Gli ingredienti per affermarsi come la nuova frontiera del turismo ci sono tutti, tanto più nel contesto post-Covid, che induce a riscoprire con nuovi occhi il principio del “vicino è bello”. Ciò che è rimasto della rete viaria dei tratturi, spolpata da un'usucapione aggressiva in decenni di abbandono, costituisce ancora e malgrado le ingenti perdite un patrimonio che - se opportunamente valorizzato in una logica di bikenomy e di turismo sostenibile per bici, trekking e cavallo - può fungere da volano per l'economia locale, contribuendo a rivitalizzare il tessuto sociale e a contrastare lo spopolamento dei tanti piccoli borghi.

Oltre a Saepinum l'archeologia molisana ha da offrire altri siti di rilievo, come per esempio Pietrabbondante. Ad Agnone, in alto Molise, ci sono oggi ancora oggi le fonderie tradizionali che per secoli hanno sfornato le campane in bronzo per le chiese di Roma.

Le montagne dell'Appennino, con il loro manto boschivo ben preservato, la fanno da padrone: il massiccio del Matese, i monti della Meta, il Parco nazionale dell'Abruzzo, del Lazio e del Molise. Capracotta e Campitello Matese, forti anche di un buon innevamento invernale, hanno una naturale vocazione per sci di fondo, ciaspole, trekking, escursioni a cavallo e naturalmente mountain bike. Sul mare Termoli, con il suo borgo antico, è il porto di partenza per le Isole Tremiti, in mezzo all'Adriatico.

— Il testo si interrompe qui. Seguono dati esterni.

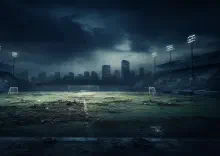 Pandemonium Erupts! The Deadliest Game of High School Football You Never Saw Coming!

Eppure ad oggi lo scrigno di questo patrimonio turistico, di grandi potenzialità, è in massima parte da aprire. Il forestiero lo coglie a prima vista; non altrettanto i locali. Le amministrazioni pubbliche sul territorio non sembrano svolgere un ruolo propulsivo quanto a valorizzazione e promozione. Il Parco dei tratturi del Molise – attivo da 23 anni, come si legge sul web – è di scarso aiuto. Una ricerca su Google, punto di partenza di tanti viaggi, dà pochi risultati con le parole-chiave “Molise” e “mountain bike”.

Potenziale non sfruttato

Non ci sono itinerari segnalati; pressoché assente la cartellonistica sul terreno. Mancano del tutto infrastrutture cicloturistiche degne di nota. Questa, del resto, è la cifra che contraddistingue il Molise come una “bella addormentata nel bosco”.

È una meta pioneristica, che presuppone desiderio di scoperta e un po' di spirito d'avventura. La pianificazione di un cicloviaggio passa per il tamtam fra amici e conoscenti o sulle piattaforme on line di cicloturismo, come per esempio Wikiloc. I cicloturisti più esperti se la cavano, smanettando con navigatore e tracce Gpx; ma non è il posto giusto per chi abbia meno esperienza o voglia muoversi con famiglia.

Le foto di questo servizio descrivono una splendida pedalata nel Sannio tra Saepinum e il Matese, per lo più in provincia di Campobasso, sconfinando nelle provincie di Caserta e Benevento. L'itinerario è stato costruito a partire da una vecchia traccia Gpx ed è stato poi adattato all'impronta per far fronte agli imprevisti. Lunghi tratti, a sorpresa, sono risultati non pedalabili.

Chi voglia risparmiarsi brutte sorprese e andare sul sicuro può rivolgersi ai pochi operatori locali. Tra questi Moliseexplorer, che organizza escursioni guidate in bici e cicloviaggi sui sentieri più belli del Sannio.

Le amministrazioni locali e l'imprenditoria sul territorio sarebbero ben consigliate se scoprissero le opportunità della bikeconomy e aprissero lo scrigno su cui stanno sedute.